- **THE RECORDS**:
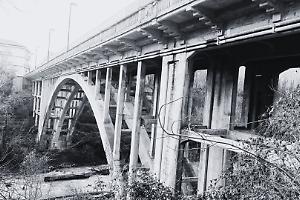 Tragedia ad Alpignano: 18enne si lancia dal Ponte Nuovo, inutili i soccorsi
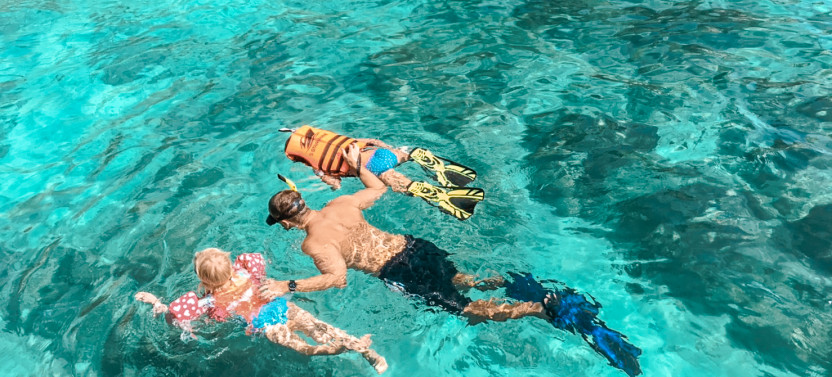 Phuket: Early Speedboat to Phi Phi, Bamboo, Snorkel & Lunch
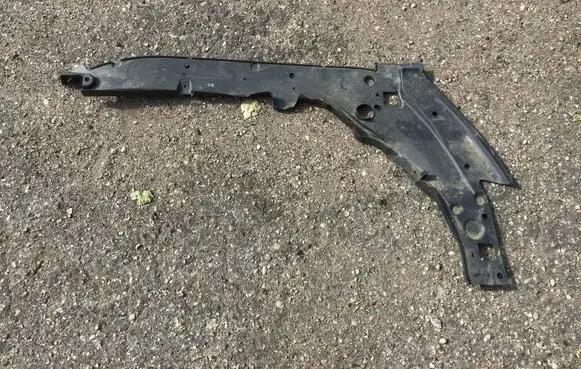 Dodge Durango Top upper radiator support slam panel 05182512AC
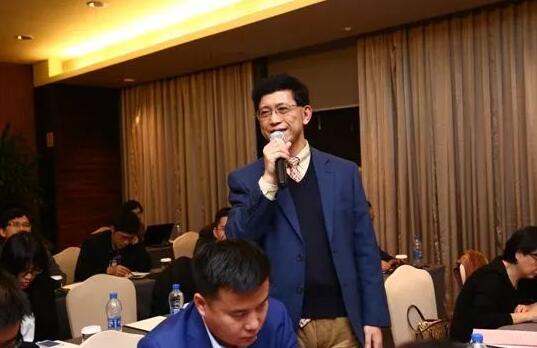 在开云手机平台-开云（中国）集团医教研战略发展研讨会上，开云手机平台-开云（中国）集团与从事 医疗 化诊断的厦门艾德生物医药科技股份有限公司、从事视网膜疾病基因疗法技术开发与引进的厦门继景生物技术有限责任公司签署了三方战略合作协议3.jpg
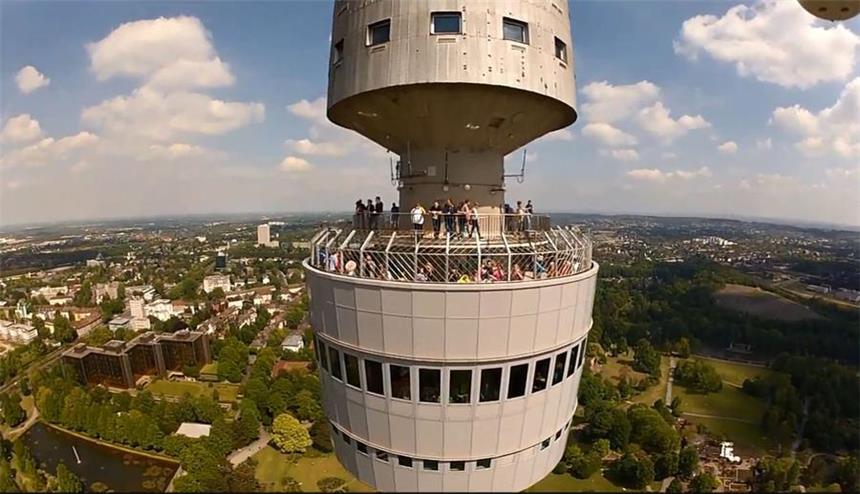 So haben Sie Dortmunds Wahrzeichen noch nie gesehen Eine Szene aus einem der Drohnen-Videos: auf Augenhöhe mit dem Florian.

- **TO DO**: Every record must be copied exactly, with the pictures left out.

- **RESULT BELOW**:
 Tragedia ad Alpignano: 18enne si lancia dal Ponte Nuovo, inutili i soccorsi
 Phuket: Early Speedboat to Phi Phi, Bamboo, Snorkel & Lunch
 Dodge Durango Top upper radiator support slam panel 05182512AC
 在开云手机平台-开云（中国）集团医教研战略发展研讨会上，开云手机平台-开云（中国）集团与从事 医疗 化诊断的厦门艾德生物医药科技股份有限公司、从事视网膜疾病基因疗法技术开发与引进的厦门继景生物技术有限责任公司签署了三方战略合作协议3.jpg
 So haben Sie Dortmunds Wahrzeichen noch nie gesehen Eine Szene aus einem der Drohnen-Videos: auf Augenhöhe mit dem Florian.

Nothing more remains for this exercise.